I controlli sulla tutela ambientale sono ancora più accurati e tengono
conto di diversi fattori: sistemi di regolazione e monitoraggio,
assenza di perdite nei circuiti e nei raccordi, ugelli e dispositivi antigoccia,
uniformità della distribuzione, sistemi antideriva, funzionalità
della barra, in particolare distanza e parallelismo rispetto al suolo,
sezionamento della barra distributrice, valvola di non ritorno sull'aspirazione
acqua, sistemi per il lavaggio interno di serbatoio e circuito.
Tutto il processo, non dimentichiamolo, ha lo scopo di ridurre sia
l'inquinamento diffuso, provocato da una barra in cattive condizioni di
manutenzione, sia quello puntiforme, derivante dalle operazioni di
riempimento e periodico lavaggio dell'irroratrice, come quello che si
fa quando si cambia coltura, in special modo per i diserbanti.
A tal fine
il Pan, e le linee guida che verranno emanate per la definizione di
particolari procedure, stabilisce diverse prescrizioni, graduate in base
alla loro efficacia. Secondo gli orientamenti comunitari, il miglior
modo per ridurre l'inquinamento localizzato è quello di prevenire la
produzione di sostanze di rifiuto: definita la superficie da trattare, è
preferibile che non avanzi nemmeno un litro di soluzione, anche per
ovvi motivi economici.
In alternativa, la soluzione rimasta dovrebbe
essere ridistribuita sulla coltura trattata così com'è, oppure, se questo
dovesse creare problemi di fitotossicità, previa ulteriore diluizione
con l'acqua di lavaggio del circuito.
Per quanto sia stato previsto dal legislatore, lo svuotamento del
circuito in un serbatoio di sicurezza, conservato nel centro aziendale,
e il conferimento a un centro specializzato per il trattamento dei rifiuti
pericolosi appare difficilmente praticabile per gli alti costi che comporta.

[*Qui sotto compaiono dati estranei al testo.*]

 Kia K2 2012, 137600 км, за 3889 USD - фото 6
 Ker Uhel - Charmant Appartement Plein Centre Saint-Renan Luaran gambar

Parimenti costoso, per le soluzioni impiantistiche che comporta,
è il ricorso alla fitodepurazione svolta direttamente in azienda,
senza contare che questo sistema manca di un preciso raccordo con
le norme del testo unico ambientale, potendo configurare un'attività
di trattamento abusivo di rifiuti, aggravato dalla presenza di contaminanti
pericolosi.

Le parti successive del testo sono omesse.